St. Michael Catholic Church | |
Location: | 40 Walnut St., Mechanicsburg, Ohio |
Coordinates: | 40.0722°N -83.5583°W |
Built: | 1888 |
Architecture: | Gothic Revival |
Added: | August 29, 1985 |
Area: | Less than |
Refnum: | 85001892 |
St. Michael's Catholic Church is a historic Catholic church in Mechanicsburg, a village in Champaign County, Ohio, United States. Completed in the 1880s, it served a group of Catholics who had already been meeting together for nearly thirty years.
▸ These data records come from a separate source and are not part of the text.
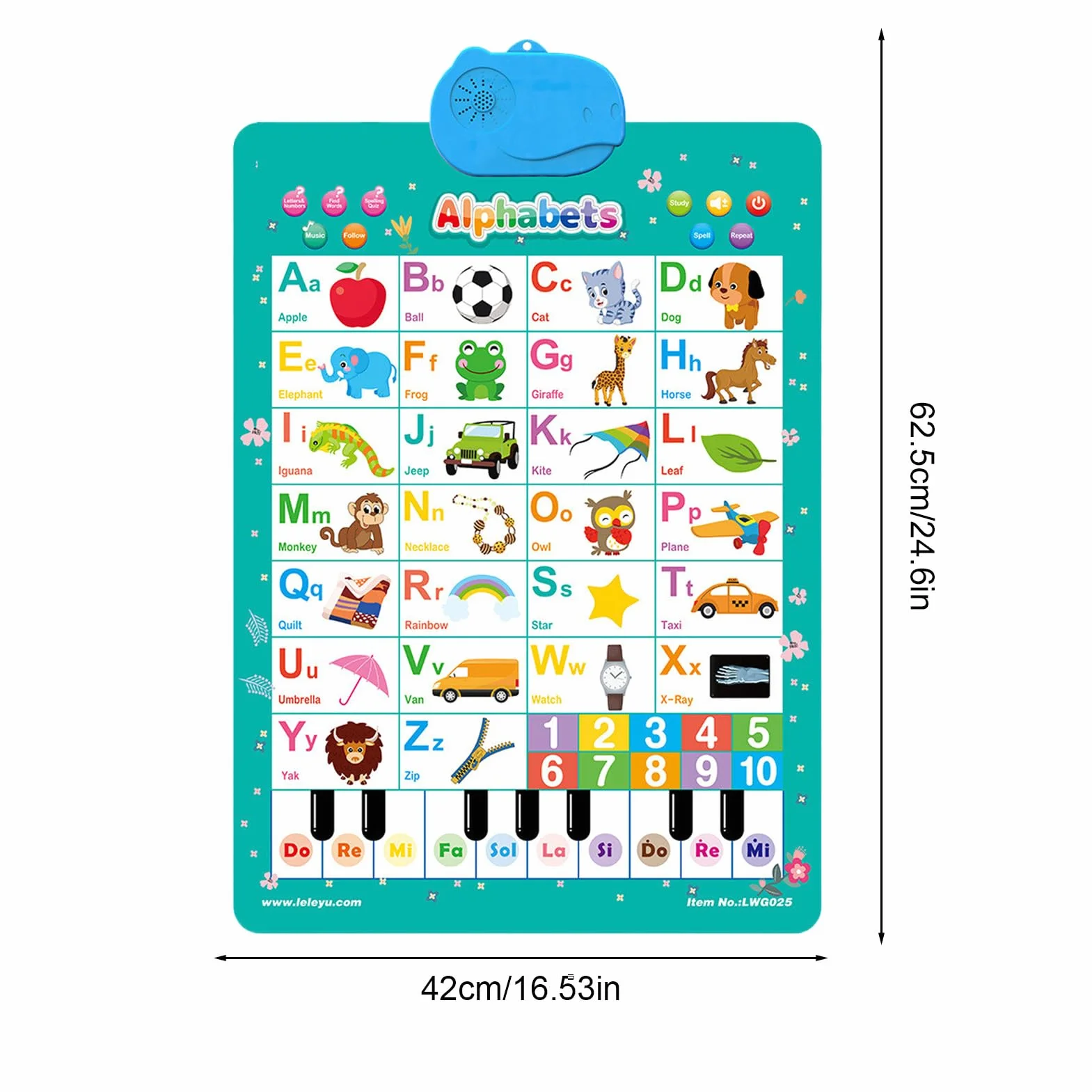 Tabella Elettronica Alfabeto Parete, Giocattoli Elettronici Interattivi Alfabeto, Poster Alfabetos Apprendimento Tattile Tabella Parlante Parete, Divertente Educativo Parlante Giocattolo Didattico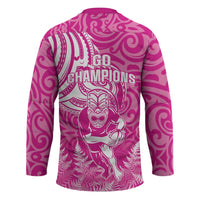 New Zealand Silver Fern Rugby All Pink Hockey Jersey Maori Tiki Player With Ta Moko Tribal - Polynesian Pride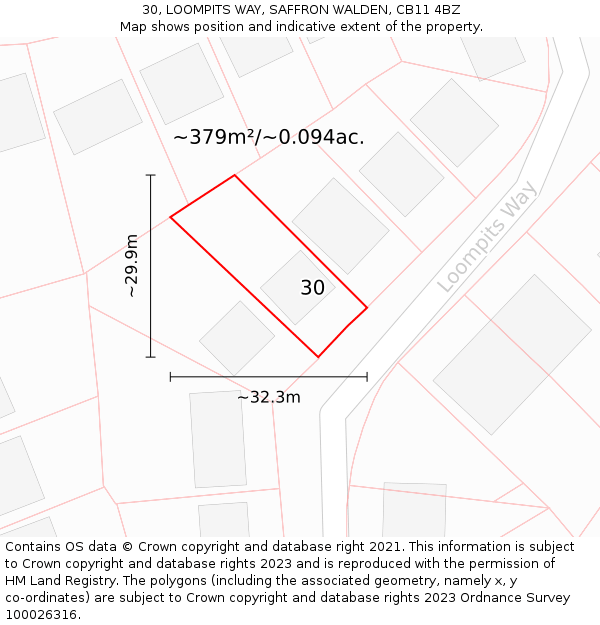 30, LOOMPITS WAY, SAFFRON WALDEN, CB11 4BZ: Plot and title map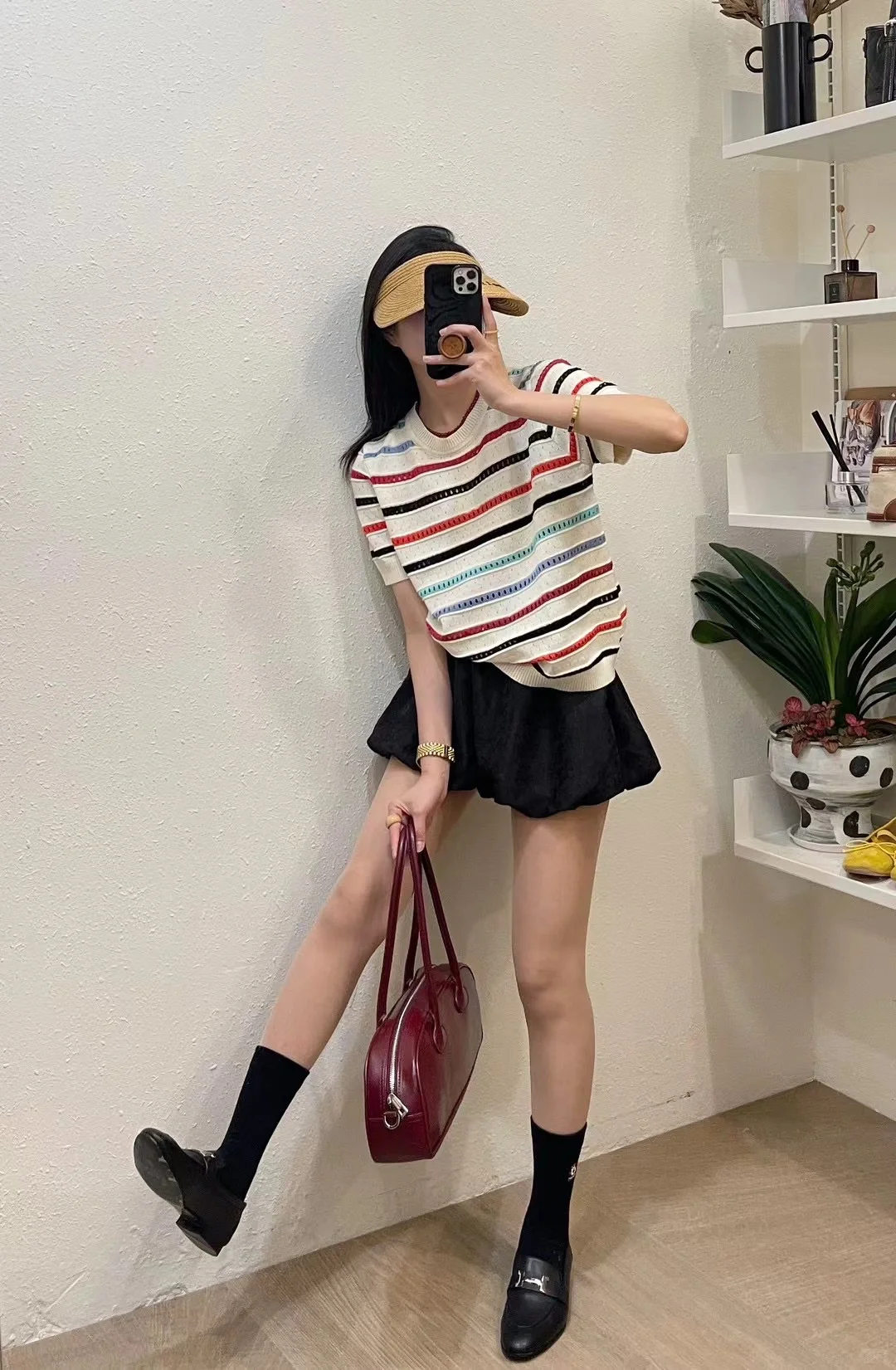 韩系经典翻领条纹针织上衣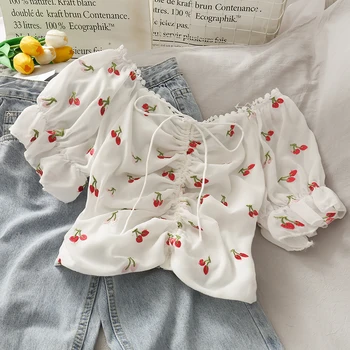 

zipper printed women blouse summer new v-neck puff sleeved short high waist lady elegant pulls tops
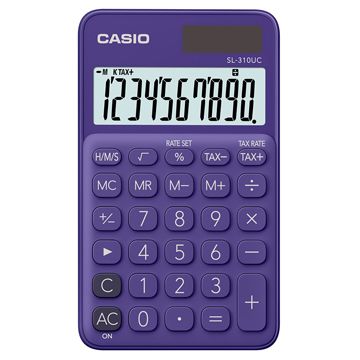 CASIO 卡西歐 10位元浪漫馬卡龍口袋型計算機-葡萄紫 (SL-310UC-PL)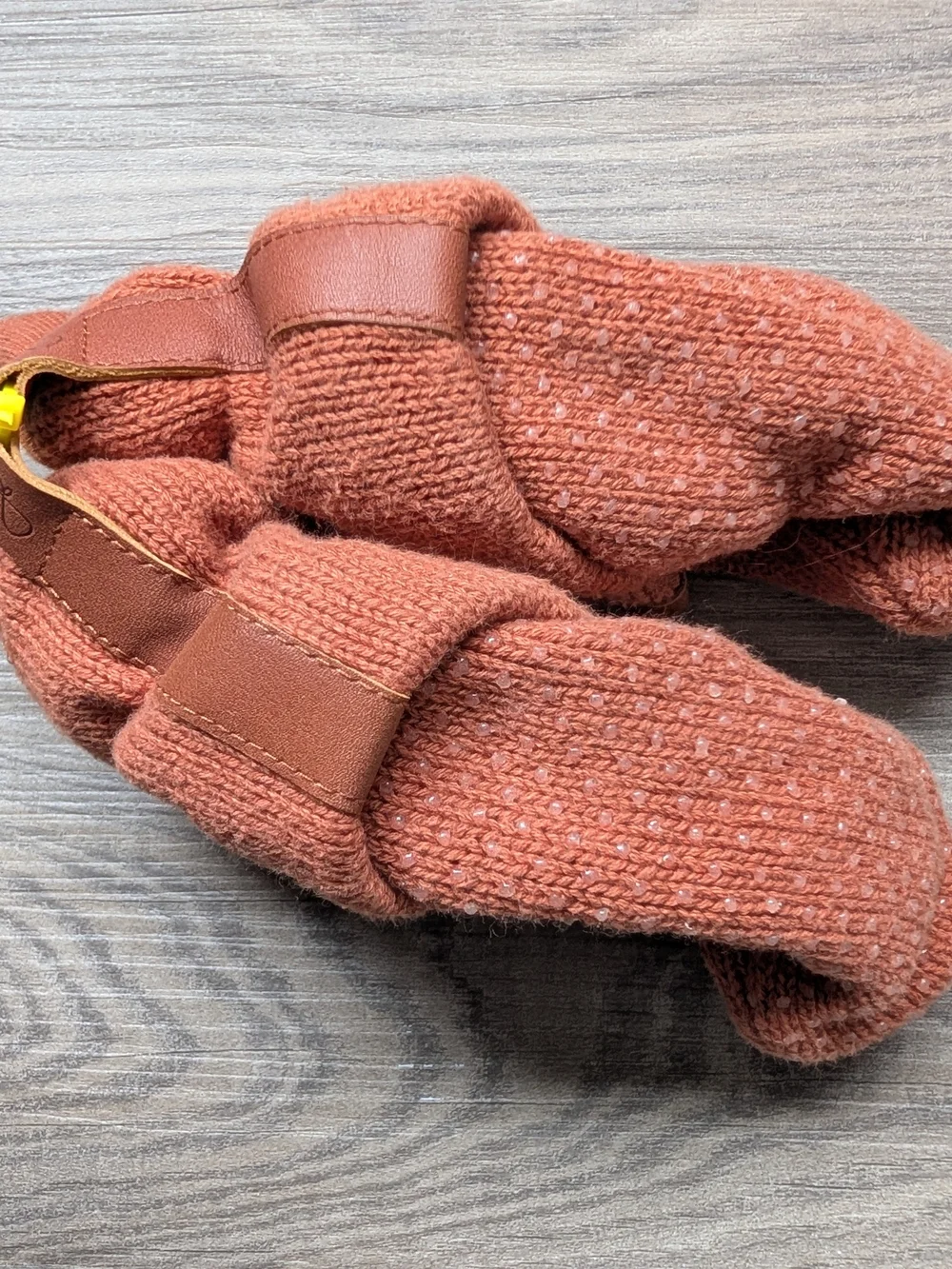 Goumi Kids Rust Terracotta Knit Baby Booties Organic Cotton 12-18 Months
One of several historic churches in the village, it has been designated a historic site because of its well-preserved nineteenth-century architecture.
The first settlers in Goshen Township arrived circa 1805,[1] and Mechanicsburg was platted on 6 August 1814. Organized religion was rare in the earliest years; the first churches were established by circuit-riding preachers from the Methodist Episcopal Church, who founded small religious classes that met in settlers' log cabins. Mechanicsburg's first church was a Methodist congregation organized in 1814, and by the 1880s the village boasted four Protestant churches: Baptist, black Baptist, African Methodist Episcopal, and Methodist Protestant.
Champaign County's earliest Catholics were Irish immigrants, who came to the county seat of Urbana in the 1840s and 1850s as railroad laborers. Viewed with suspicion by their neighbors both because of their nationality and their religion, they received the sacraments only occasionally from travelling priests before the establishment of St. Mary's Church in 1853.[2] Mechanicsburg's first Catholic families, who were also largely Irish,[3] worshipped at St. Mary's or in nearby Rosedale; occasional Masses were said in Mechanicsburg by travelling priests until the congregation was attached to Our Lady of Lourdes parish in Marysville in 1872.
Mass was first celebrated in Mechanicsburg in 1859,[4] the parish was canonically erected in 1865,[5] and it gained a more permanent organization in 1880. By the end of the 1880s, the parish had witnessed the completion of its church building on Walnut Street. In its earlier decades, the membership included many families who lived in the countryside surrounding Mechanicsburg, and the members' devotion to their church prompted a local author to declare them "extremely faithful in attendance on its services". The parish obtained a rectory in October 1904; a woman who lived on Walnut Street died in that month, and her will included a provision donating her house for use as a rectory. By 1917, the membership consisted of 38 families comprising 135 individuals. The parish operated a Sunday school and multiple small groups for various activities, including a branch of the Society of the Holy Name.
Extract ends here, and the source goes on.